Bisognerebbe capire se le fondamenta dello Stato di diritto, pericolosamente compromesse durante la devastazione dei governi Conte, siano state miracolosamente rimesse in sicurezza durante Draghi. È verosimile che sia così, visto che allora almeno un po’ se ne parlava (poco poco, ma insomma…) e oggi non se ne parla più per niente (ma niente niente, proprio…). Viene allora il sospetto che gli sparuti allarmi a suo tempo elevati per la lesione dello Stato di diritto fossero consentiti più perché c’erano quelli a governare e meno per come essi governavano. E non si vuol dire che il governo di adesso sia uguale, tutt’altro, ma è abbastanza innegabile che certi problemini denunciati a quel tempo sono qui belli interi, nell’indifferenza generale.

Non tutti, ripeto, e non con lo stesso grado di urgenza: ma far finta che siano spariti porta armi ai nostalgici di quella sciagurata esperienza, tipo quel nobile giornale democratico secondo cui andava tutto benissimo perché «Niente ha intaccato la libertà di parola e di pensiero degli italiani». Potevano persino pensare, gli italiani: figurarsi se era un problema la gragnola di decreti illegali Made in Casaleggioland, la spedizione in desuetudine del parlamento con il capo del governo che si dichiarava “disponibile” ad ascoltarlo un paio di volte al mese, il ministro degli Esteri e dei Gilet Gialli che prometteva disposizioni “sempre più ferree e stringenti contro gli irresponsabili”, tipo gli organizzatori di grigliate sui tetti di Palermo, la secretazione dei verbali dei comitati tecnici mentre il ministro della Delazione istigava i condomini a denunciare il dirimpettaio che invitava a cena il cugino di troppo. Dice: ecco, appunto, tutta questa roba non c’è più. No, questa no.

Ma la decretazione sbrigliata resta, e non migliora solo perché contiene meno strafalcioni (un po’ ne reca ancora). L’indiscutibilità parlamentare delle riforme blindate c’è, e non bastano a renderla compatibile con un ordinato sistema rappresentativo né l’infezione pandemica né la necessità di agguantare i soldi europei: salvo credere – ma è solo un esempio – che la riforma della giustizia sia buona perché porta in calce una firma più rassicurante rispetto a quella di Alfonso Bonafede.
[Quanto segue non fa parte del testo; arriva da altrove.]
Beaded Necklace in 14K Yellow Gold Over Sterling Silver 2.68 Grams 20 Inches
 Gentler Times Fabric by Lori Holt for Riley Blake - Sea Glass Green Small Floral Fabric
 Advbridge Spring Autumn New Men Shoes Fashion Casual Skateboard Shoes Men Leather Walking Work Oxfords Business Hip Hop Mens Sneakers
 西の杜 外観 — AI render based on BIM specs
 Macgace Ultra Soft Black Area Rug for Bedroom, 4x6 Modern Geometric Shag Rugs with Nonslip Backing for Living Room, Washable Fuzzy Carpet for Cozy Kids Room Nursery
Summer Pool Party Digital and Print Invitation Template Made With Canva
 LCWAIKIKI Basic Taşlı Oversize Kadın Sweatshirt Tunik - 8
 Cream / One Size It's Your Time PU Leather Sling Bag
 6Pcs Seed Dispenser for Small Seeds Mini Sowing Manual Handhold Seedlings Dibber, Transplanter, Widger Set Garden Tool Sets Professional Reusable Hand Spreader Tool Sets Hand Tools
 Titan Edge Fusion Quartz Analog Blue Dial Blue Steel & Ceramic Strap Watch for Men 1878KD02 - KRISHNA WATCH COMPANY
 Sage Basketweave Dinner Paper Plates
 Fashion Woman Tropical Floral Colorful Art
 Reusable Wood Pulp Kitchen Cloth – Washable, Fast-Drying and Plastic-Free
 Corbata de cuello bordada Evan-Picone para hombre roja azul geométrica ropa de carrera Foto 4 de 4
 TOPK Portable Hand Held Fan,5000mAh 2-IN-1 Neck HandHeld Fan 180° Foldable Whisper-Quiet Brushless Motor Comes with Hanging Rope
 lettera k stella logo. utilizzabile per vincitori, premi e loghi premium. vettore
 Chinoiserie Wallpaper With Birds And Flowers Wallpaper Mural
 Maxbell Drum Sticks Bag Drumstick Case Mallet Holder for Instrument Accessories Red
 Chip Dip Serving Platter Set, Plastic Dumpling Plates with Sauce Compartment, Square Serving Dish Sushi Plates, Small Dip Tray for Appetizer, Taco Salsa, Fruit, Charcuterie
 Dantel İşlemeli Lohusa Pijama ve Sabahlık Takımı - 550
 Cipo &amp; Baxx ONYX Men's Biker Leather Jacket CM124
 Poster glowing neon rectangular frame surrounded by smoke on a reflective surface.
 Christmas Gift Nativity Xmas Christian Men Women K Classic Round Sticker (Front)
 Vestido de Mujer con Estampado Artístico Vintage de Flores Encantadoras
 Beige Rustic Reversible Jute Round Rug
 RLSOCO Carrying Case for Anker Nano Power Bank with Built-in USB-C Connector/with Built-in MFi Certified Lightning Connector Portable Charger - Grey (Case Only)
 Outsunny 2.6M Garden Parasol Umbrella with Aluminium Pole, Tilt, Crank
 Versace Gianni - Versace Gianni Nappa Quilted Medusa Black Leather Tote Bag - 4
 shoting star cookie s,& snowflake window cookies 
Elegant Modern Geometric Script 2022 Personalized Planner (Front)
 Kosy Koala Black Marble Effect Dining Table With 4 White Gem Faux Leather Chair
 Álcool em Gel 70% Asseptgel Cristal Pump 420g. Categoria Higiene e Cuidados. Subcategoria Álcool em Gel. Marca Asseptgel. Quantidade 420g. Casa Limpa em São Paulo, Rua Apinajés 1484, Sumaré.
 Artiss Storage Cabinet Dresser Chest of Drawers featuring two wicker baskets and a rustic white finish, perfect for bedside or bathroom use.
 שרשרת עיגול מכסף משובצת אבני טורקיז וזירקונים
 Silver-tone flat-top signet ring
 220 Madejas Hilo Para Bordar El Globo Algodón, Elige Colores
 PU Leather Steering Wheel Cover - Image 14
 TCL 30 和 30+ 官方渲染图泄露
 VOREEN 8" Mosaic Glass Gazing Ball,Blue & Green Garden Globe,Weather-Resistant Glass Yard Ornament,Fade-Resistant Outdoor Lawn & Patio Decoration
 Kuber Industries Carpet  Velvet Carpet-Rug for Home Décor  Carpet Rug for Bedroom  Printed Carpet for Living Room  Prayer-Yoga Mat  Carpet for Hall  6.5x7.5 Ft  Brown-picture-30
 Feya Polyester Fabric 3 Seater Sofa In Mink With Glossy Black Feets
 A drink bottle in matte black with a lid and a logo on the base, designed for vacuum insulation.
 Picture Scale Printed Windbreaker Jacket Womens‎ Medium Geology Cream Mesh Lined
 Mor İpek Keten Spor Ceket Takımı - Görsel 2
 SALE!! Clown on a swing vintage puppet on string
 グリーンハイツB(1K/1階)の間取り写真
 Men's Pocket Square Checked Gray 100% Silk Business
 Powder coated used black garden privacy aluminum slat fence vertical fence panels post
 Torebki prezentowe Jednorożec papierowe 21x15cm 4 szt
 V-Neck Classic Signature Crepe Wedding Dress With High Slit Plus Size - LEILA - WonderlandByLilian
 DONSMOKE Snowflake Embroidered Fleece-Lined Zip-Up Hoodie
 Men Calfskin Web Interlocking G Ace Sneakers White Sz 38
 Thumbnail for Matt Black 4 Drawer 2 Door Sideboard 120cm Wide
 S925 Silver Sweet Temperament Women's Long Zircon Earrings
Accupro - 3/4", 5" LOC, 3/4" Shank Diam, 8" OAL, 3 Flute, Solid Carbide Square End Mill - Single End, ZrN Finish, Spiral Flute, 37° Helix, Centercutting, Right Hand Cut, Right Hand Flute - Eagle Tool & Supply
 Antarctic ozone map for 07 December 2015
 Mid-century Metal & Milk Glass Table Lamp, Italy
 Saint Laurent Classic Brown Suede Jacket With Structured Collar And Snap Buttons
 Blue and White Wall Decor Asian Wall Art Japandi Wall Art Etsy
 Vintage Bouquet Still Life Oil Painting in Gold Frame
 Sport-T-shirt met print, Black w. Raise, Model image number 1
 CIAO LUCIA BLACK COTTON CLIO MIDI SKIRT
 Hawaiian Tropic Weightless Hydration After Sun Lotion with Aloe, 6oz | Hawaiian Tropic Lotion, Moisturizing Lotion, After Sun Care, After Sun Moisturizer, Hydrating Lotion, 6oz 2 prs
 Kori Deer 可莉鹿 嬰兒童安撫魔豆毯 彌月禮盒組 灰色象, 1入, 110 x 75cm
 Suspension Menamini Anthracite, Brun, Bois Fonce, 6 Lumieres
I tentacoli della piovra giudiziaria, ritratti momentaneamente in tempo di lockdown e nei pochi giorni di strepito per la pubblicazione di un libro scopri-verminaio, hanno ripreso a svilupparsi come prima e più di prima senza che nessuno faccia nulla per contenerne le ambizioni aggressive. E questo perché? Perché c’è l’epidemia. Perché prima viene la salute. Perché prima bisogna capire se Draghi è davvero di sinistra, e poi per fermare le destre bisogna dimostrare che anche a sinistra ci sono profili patriottici. Intanto quella roba, lo Stato di diritto, resta la solita faccenda piccoloborghese.